Assuming physicalism, plausibly there are a number of fairly natural physical properties that occur when and only when I am having a phenomenal experience of pain, all of which stand in the same causal relations to other relevant properties of me. For instance:
having a brain in neural state N
having a human brain in neural state N
having a primate brain in neural state N
having a mammalian brain in neural state N
having a brain in functional state F
having a human brain in functional state F
having a primate brain in functional state F
having a mammalian brain in functional state F
having a central control system in functional state F.
Suppose that one of these is in fact identical with the phenomenal experience of pain. But which one? The question is substantive and ethically important. If, for instance, the answer is (c), then cats and computers in principle couldn’t feel pain but chimpanzees could. If the answer is (i), then cats and computers and chimpanzees could all feel pain.
It is plausible on physicalism (e.g., Loar’s version) that my concept of pain refers to a physical property by ostension—I am ostending to the state that occurs in me in all and only the cases where I am in pain, and which has the right kind of causal connection to my pain behaviors. But there are many such states, as we saw above.
We might try to break the tie by saying that by reference magnetism I am ostending to the simplest physical state that has the above role, and the simplest one is probably (i). I don’t think this is plausible. Assuming naturalism, when multiple properties of a comparable degree of naturalness play a given role, ostension via the role is likely to be ambiguous, with ambiguity needing to be broken by a speaker or community decision. At some point in the history of biology, we had to decide whether to use “fish” at a coarse-grained functional level and include dolphins and whales as fish, or at a finer-grained level and get the current biological concept. One option might be a little more natural than the other, but neither is decisively more natural (any fish concept that has a close connection to ordinary language is going to have to be paraphyletic), and so a decision was needed. And even if (i) is somewhat simpler than (a)–(h), it is not decisively more natural.

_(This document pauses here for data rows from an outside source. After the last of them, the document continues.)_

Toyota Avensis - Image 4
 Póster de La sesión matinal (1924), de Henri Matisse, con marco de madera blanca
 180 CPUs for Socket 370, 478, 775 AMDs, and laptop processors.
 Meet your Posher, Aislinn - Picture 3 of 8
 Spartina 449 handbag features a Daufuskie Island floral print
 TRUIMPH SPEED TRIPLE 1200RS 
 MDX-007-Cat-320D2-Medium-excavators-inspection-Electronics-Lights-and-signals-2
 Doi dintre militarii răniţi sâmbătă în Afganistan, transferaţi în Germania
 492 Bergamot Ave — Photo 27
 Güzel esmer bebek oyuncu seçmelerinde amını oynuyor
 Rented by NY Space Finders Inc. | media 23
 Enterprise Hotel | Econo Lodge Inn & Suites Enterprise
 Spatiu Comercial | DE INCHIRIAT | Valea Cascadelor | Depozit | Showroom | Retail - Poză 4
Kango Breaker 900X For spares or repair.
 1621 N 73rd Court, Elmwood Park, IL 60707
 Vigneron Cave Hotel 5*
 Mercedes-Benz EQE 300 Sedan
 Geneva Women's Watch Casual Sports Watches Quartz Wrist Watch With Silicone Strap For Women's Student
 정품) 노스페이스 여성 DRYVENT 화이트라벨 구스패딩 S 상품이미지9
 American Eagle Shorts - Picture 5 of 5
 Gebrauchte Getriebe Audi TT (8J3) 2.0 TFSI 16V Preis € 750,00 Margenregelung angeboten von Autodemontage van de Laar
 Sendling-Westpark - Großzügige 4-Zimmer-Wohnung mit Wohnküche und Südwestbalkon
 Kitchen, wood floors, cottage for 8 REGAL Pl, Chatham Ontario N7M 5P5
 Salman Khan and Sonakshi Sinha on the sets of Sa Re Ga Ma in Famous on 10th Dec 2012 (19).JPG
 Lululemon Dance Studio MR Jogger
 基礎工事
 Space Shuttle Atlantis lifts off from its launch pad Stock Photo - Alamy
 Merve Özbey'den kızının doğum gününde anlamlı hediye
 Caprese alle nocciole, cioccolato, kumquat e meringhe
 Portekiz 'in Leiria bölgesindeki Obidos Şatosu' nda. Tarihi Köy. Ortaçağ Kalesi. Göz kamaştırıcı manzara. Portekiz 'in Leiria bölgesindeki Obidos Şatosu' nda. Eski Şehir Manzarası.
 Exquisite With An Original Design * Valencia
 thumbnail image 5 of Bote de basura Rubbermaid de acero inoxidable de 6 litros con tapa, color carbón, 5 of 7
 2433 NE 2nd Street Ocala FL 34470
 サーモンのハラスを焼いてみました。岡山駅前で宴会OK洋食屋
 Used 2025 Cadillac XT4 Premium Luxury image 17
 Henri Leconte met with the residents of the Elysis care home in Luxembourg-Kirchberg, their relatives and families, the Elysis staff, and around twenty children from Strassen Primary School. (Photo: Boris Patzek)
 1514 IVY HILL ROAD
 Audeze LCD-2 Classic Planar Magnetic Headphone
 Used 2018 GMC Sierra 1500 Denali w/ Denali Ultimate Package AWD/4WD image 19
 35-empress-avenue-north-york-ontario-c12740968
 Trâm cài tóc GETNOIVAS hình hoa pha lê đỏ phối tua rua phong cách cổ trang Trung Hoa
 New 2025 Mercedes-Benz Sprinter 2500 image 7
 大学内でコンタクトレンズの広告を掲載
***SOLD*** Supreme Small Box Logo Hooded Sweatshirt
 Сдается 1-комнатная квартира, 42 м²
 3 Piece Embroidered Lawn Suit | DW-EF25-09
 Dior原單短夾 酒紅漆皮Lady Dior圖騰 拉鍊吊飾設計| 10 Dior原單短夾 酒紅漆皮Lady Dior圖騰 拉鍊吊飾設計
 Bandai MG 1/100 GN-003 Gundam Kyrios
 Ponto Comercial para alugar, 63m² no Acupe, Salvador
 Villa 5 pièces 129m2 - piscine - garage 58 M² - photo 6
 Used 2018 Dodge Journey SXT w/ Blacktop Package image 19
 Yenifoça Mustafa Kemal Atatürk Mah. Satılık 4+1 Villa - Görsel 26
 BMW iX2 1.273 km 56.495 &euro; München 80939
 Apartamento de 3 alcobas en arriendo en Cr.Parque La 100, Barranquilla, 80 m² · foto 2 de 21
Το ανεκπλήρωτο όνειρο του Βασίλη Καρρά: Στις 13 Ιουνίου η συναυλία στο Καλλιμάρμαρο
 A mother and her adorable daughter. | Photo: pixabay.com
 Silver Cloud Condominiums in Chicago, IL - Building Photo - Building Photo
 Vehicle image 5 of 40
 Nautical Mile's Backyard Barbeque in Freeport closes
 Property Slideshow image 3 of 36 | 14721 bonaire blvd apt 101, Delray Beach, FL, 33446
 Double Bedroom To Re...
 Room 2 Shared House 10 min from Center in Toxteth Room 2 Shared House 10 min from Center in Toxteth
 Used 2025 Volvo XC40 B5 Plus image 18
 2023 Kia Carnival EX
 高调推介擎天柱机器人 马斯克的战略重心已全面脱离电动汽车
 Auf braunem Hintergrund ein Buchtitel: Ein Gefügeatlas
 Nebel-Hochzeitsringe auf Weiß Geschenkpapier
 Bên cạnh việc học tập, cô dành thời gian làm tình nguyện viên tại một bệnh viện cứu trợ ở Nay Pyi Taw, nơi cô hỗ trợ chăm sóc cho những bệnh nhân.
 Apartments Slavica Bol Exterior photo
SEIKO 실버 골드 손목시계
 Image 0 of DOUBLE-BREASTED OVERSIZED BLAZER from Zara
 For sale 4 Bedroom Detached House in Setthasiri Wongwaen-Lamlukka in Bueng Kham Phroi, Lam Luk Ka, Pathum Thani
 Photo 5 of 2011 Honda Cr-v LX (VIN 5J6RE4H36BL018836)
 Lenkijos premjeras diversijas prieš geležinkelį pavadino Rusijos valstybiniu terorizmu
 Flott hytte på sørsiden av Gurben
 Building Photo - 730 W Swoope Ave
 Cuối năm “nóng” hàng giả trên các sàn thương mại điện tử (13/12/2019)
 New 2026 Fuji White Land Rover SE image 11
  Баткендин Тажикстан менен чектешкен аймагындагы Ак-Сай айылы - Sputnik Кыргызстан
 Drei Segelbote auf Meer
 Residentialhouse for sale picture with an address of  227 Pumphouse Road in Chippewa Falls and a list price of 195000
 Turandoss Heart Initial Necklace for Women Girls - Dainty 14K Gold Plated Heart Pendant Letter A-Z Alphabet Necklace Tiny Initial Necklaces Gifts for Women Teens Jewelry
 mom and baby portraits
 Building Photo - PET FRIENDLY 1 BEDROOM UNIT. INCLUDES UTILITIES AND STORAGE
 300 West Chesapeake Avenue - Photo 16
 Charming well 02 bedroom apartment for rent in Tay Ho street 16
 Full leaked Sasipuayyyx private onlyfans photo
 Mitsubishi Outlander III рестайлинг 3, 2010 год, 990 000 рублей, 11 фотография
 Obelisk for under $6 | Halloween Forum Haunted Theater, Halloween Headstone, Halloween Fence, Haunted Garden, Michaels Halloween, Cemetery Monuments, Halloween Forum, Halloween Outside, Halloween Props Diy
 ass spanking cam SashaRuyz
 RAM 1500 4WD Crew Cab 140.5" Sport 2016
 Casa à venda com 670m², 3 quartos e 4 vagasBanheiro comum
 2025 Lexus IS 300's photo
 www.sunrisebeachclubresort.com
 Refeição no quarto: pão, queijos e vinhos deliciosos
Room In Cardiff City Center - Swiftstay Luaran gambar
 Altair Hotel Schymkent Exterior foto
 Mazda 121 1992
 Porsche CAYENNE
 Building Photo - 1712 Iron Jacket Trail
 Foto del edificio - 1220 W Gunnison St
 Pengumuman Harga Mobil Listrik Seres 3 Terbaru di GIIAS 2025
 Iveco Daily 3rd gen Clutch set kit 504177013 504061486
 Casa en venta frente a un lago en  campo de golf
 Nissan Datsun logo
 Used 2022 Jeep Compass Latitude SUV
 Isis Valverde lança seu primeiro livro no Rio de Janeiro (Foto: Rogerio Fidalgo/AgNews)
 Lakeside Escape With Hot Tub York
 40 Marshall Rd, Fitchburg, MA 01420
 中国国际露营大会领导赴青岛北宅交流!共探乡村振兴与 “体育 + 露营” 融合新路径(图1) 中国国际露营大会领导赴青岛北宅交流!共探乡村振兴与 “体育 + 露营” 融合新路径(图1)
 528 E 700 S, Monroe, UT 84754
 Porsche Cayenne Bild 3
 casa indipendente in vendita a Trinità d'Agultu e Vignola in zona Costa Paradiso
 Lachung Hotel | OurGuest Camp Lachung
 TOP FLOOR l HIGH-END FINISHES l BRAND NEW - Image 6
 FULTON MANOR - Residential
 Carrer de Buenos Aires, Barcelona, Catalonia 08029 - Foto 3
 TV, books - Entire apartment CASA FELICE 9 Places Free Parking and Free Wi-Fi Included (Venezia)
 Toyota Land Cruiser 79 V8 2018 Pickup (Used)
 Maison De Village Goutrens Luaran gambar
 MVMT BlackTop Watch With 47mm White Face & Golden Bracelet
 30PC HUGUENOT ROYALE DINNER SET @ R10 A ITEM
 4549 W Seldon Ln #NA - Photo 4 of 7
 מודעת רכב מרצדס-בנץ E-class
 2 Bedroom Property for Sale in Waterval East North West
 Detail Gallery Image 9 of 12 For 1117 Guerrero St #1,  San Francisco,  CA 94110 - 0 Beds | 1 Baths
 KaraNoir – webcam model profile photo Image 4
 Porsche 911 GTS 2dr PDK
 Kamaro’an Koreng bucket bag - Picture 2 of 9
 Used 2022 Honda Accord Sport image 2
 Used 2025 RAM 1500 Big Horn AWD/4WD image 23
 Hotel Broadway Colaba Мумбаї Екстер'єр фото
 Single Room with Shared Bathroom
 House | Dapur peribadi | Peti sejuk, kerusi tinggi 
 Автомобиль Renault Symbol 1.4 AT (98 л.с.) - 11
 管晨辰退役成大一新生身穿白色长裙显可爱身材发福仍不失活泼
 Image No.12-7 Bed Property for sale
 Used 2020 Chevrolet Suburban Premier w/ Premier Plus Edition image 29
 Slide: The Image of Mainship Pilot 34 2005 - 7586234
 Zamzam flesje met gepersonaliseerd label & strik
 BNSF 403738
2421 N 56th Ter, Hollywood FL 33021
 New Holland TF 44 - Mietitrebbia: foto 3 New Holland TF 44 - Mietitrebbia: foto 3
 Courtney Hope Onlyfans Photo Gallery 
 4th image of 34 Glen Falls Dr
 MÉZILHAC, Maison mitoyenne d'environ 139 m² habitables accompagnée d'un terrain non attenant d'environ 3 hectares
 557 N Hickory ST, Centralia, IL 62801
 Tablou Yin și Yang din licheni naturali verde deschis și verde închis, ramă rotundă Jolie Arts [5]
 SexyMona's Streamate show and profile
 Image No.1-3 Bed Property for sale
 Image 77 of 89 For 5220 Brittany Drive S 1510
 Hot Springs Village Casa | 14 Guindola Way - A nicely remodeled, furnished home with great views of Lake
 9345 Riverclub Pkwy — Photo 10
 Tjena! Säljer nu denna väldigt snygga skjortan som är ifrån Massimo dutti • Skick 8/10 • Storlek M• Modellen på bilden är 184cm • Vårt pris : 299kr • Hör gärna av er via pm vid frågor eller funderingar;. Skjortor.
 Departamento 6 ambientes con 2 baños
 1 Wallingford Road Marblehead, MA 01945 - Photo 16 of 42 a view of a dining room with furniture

This yields an interesting variant of the knowledge argument against physicalism.
If “pain” refers to a physical property, it is a “merely semantic” question, one settled by linguistic decision, whether “pain” could apply to an appropriately programmed computer.
It is not a “merely semantic” question, one settled by languistic decision, whether “pain” could apply to an appropriately programmed computer.
Thus, “pain” does not refer to a physical property.